If you are doing it by hand, then the easiest way is to first reduce the fraction to lowest terms.  The numerator 40 and the denominator 360 are both multiples of 10, so you could divide both numerator and denominator by 10 to get the equivalent fraction 4/36 .  Since 4 times 9 is 36, this fraction is equivalent to 1/9 .  

Your original problem is now 
  
    1   
   --- x 78.5
    9   
  
That is the same as 78.5/9 which you can do on paper with long division.  Either way the answer is an infinitely repeating decimal 8.722222222... .  A good approximate value is 8.722.

So he first gave what amounts to the decimal approach, just doing the division and getting a decimal result: $$\frac{40}{360}\times 78.5 = 0.111…\times 78.5 = 8.7222…$$ I did this on my calculator without writing down and retyping the intermediate result, so that there was no rounding involved (except at the far end of the calculator’s memory). This is probably how it would usually be done in the real world.

Then he did what amounts to my mixed method, first simplifying the fraction (which I would only do if it was easy, as this one is) and then treating the resulting fraction as a division: $$\frac{40}{360}\times 78.5 = \frac{1}{9}\times 78.5 = 78.5\div 9 = 8.7222…$$

If we had some reason to want a fractional result, we might use my pure fraction method, multiplying \(\frac{1}{9}\times 78\frac{1}{2}\).

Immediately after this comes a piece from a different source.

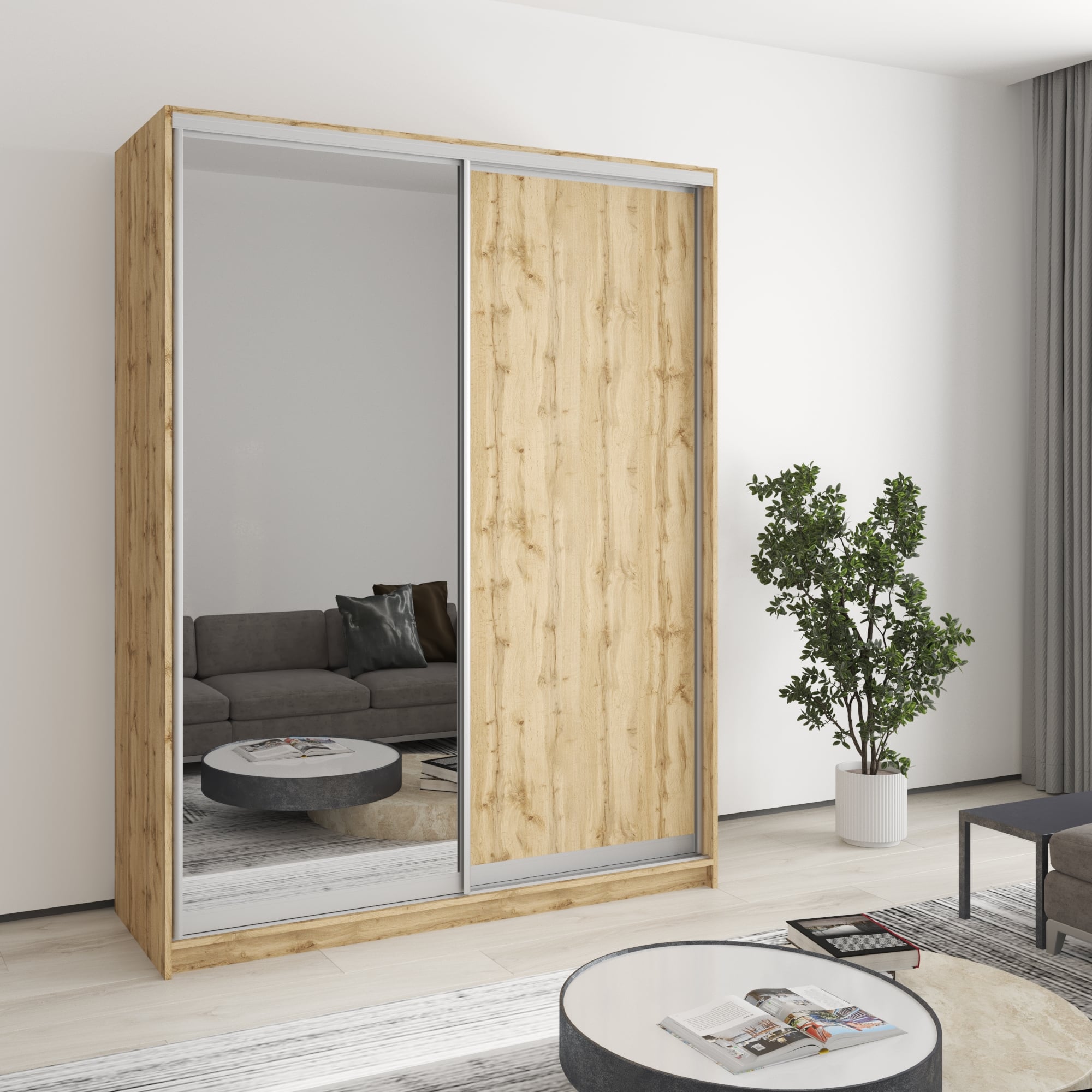 Шкаф-купе двухдверный Mebel Star Стандарт AL MBS-3474 160х60х210 см Дуб тахо (1003806) Шкаф-купе двухдверный Mebel Star Стандарт AL MBS-3474 160х60х210 см Дуб тахо (1003806)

Recall that we do such a multiplication by writing the mixed number as an improper fraction: $$\frac{40}{360}\times 78.5 = \frac{1}{9}\times 78\frac{1}{2} = \frac{1}{9}\times \frac{157}{2} = \frac{157}{18} = 8\frac{13}{18}$$ Of course, \(\frac{13}{18} = 0.7222…\).

One step harder!

Let’s do one more case, which happens to tie in with the last thing we did. In looking for questions of this type, which seem to be very rare, I found this unarchived question from 2009 that takes it a step further:

I have a homework paper that I am having trouble on and I am not getting how to do it in class, but I am to scared to ask my teacher because I don't want to talk in front of the whole class. 

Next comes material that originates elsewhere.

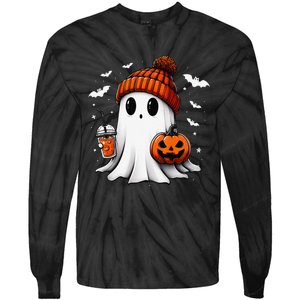 Cute Halloween Ghost Drink Pumpkin Tie-Dye Long Sleeve Shirt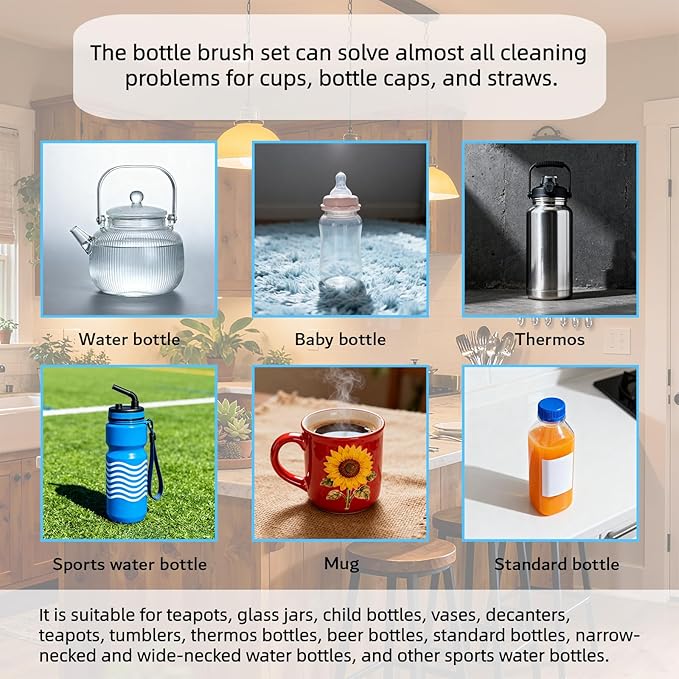 Bottle Brush Cleaner, 3-in-1 Water Bottle Cleaner Brush Straw Nipple Bottle Cleaner Brush Set Long Handle Bottle Cleaning Brush for Washing Tumblers, Sport Bottles, Cup Lid Cleaning Brush Blue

I have to multiply an improper fraction with a decimal, but I am not sure how. I was wondering if you could explain how to get the answer. 

     3.2lx10 1/3

Thanks for taking your time to help me!

After dealing with a second question that I’ve omitted here, I said:

Now back to the other question, multiplying a mixed number by a decimal. I'm not sure what you were taught about this! Normally, when you have to multiply two different kinds of numerals, you rewrite one in the same form as the other, so you can multiply as usual. In your example,

  3.2l x 10 1/3

we can either change the decimal to a mixed number,

  3 21/100 x 10 1/3

and then multiply those by converting both to improper fractions, or change the mixed number to a decimal,

  3.21 x 10.333...

which is a little more awkward.

These are, of course, the same methods we’ve been discussing. Using fractions, we get $$3\frac{21}{100}\times 10\frac{1}{3} = \frac{321}{100}\times\frac{31}{3} = \frac{321\times 31}{100\times 3} = \frac{9951}{300} = \frac{3317}{100} = 33\frac{17}{100}$$

Using decimals, we have a non-terminating decimal, which gives $$3.21\times 10\frac{1}{3} \approx 3.21\times 10.333 = 33.16893\approx 33.17$$ Again, if I do the multiplication in my calculator without rounding, it shows the answer as exactly 33.17.

Not knowing if there was a specific reason the problem involved a mixed number, I suggested another method, which I probably would never do otherwise:

Were you taught something different? The only other method I can think of (and one which has some connection to your other question) is to "distribute", if you are familiar with that term. Multiplying by 10 + 1/3 is the same as multiplying by both 10 and 1/3, and adding the results:

  3.21 x (10 + 1/3) = 3.21 x 10 + 3.21 x 1/3

Multiply by 10 by moving the decimal point, and multiply by 1/3 by dividing by 3. I doubt that this is what you were taught.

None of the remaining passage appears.